Work instruction = Repeat every record below exactly, omitting any pictures.

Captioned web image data
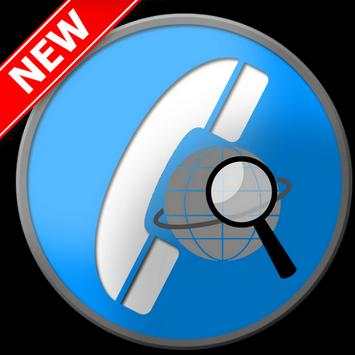Search Phone Number screenshot 1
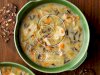 Chicken Wild Rice Soup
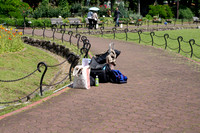 Hibiya Park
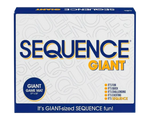 Sequence Gigante Juego de Mesa Goliath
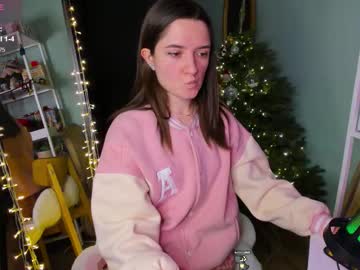 Soulmate__ Chaturbate stream image from January 14, 2026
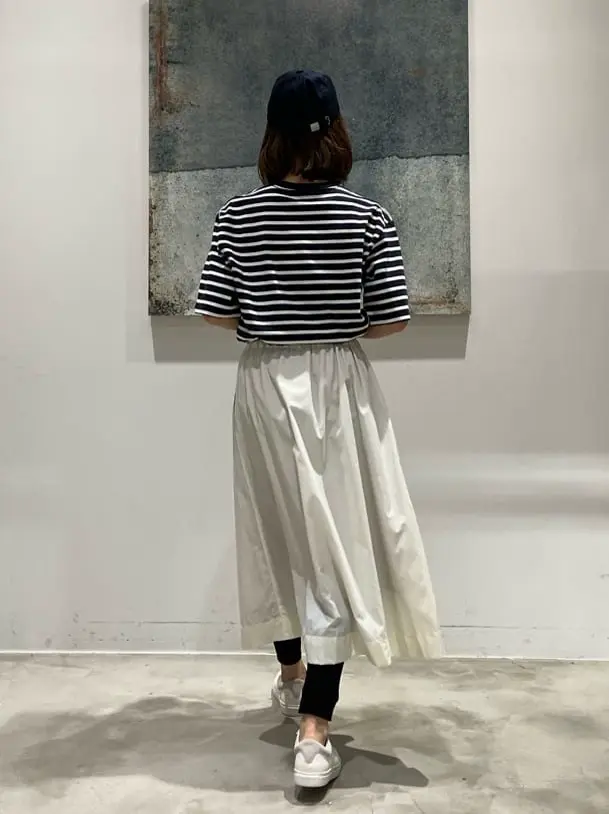 ONWARD CROSSET SELECT 田中 コーディネート画像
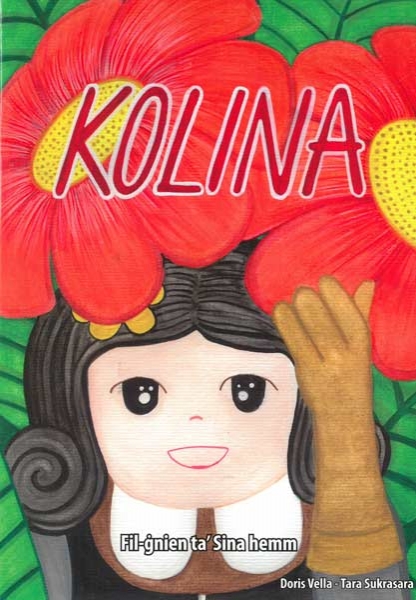 Kolina
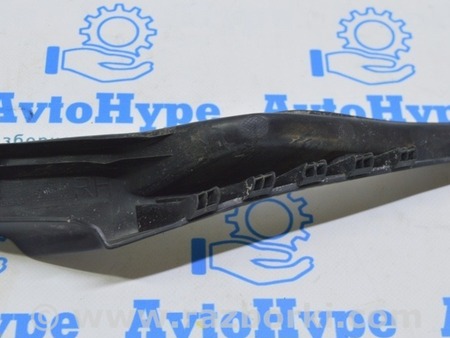 ФОТО Уплотнитель решетки дворников для Nissan LEAF (2018-) Одесса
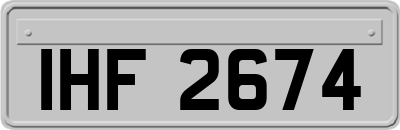 IHF2674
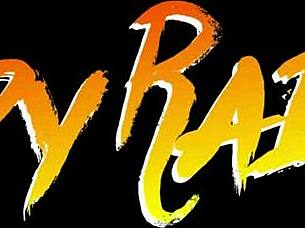 Submissive gf gags on my cock hard 😈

Task answer =
Search Phone Number screenshot 1
 Chicken Wild Rice Soup
 Hibiya Park
 Sequence Gigante Juego de Mesa Goliath
 Soulmate__ Chaturbate stream image from January 14, 2026
 ONWARD CROSSET SELECT 田中 コーディネート画像
 Kolina
 ФОТО Уплотнитель решетки дворников для Nissan LEAF (2018-) Одесса
 IHF2674
 Submissive gf gags on my cock hard 😈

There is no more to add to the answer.